We are incorporated as an exempted company under the laws of Bermuda and substantially all of our assets are located in Chile, Colombia, Argentina, Brazil and will be located additionally in Peru. In addition, most of our directors and executive officers reside outside the United States and all or a substantial portion of the assets of such persons are located outside the United States. As a result, it may be difficult or impossible to effect service of process within the United States upon us, or to recover against us on judgments of U.S. courts, including judgments predicated upon the civil liability provisions of the U.S. federal securities laws.
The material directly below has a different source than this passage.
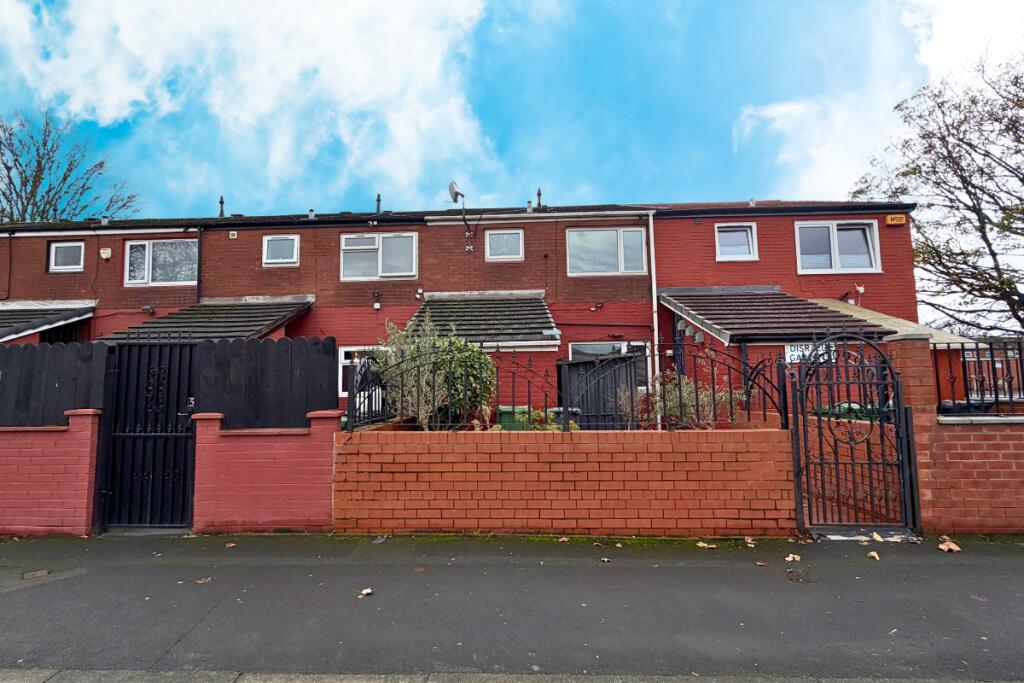 Main image of property: Disraeli Gardens, Leeds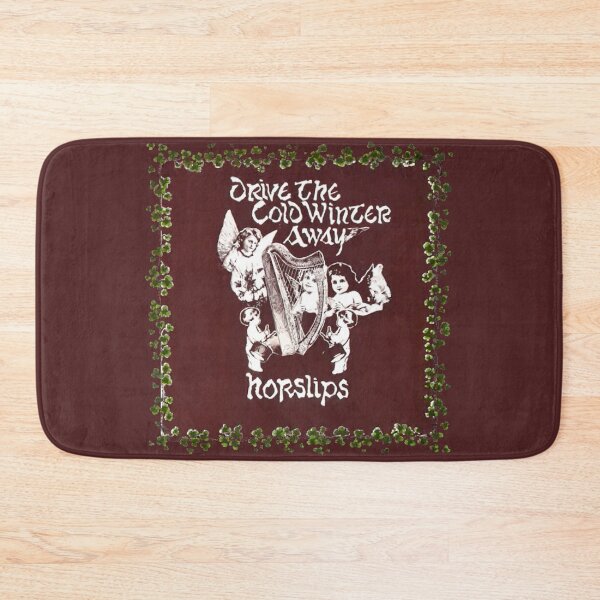 Item preview, Horslips Drive The Cold Winter Away 1975 designed and sold by REAL IRISH GIFTS.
Further, no claim may be brought in Bermuda against us or our directors and officers in the first instance for violation of U.S. federal securities laws because these laws have no extraterritorial application under Bermuda law and do not have force of law in Bermuda. However, a Bermuda court may impose civil liability, including the possibility of monetary damages, on us or our directors and officers if the facts alleged in a complaint constitute or give rise to a cause of action under Bermuda law.
 
There is no treaty in force between the United States and Bermuda providing for the reciprocal recognition and enforcement of judgments in civil and commercial matters. As a result, whether a United States judgment would be enforceable in Bermuda against us or our directors and officers depends on whether the U.S. court that entered the judgment is recognized by the Bermuda court as having jurisdiction over us or our directors and officers, as determined by reference to Bermuda conflict of law rules. A judgment debt from a U.S. court that is final and for a sum certain based on U.S. federal securities laws will not be enforceable in Bermuda unless the judgment debtor had submitted to the jurisdiction of the U.S. court, and the issue of submission and jurisdiction is a matter of Bermuda (not U.S.) law.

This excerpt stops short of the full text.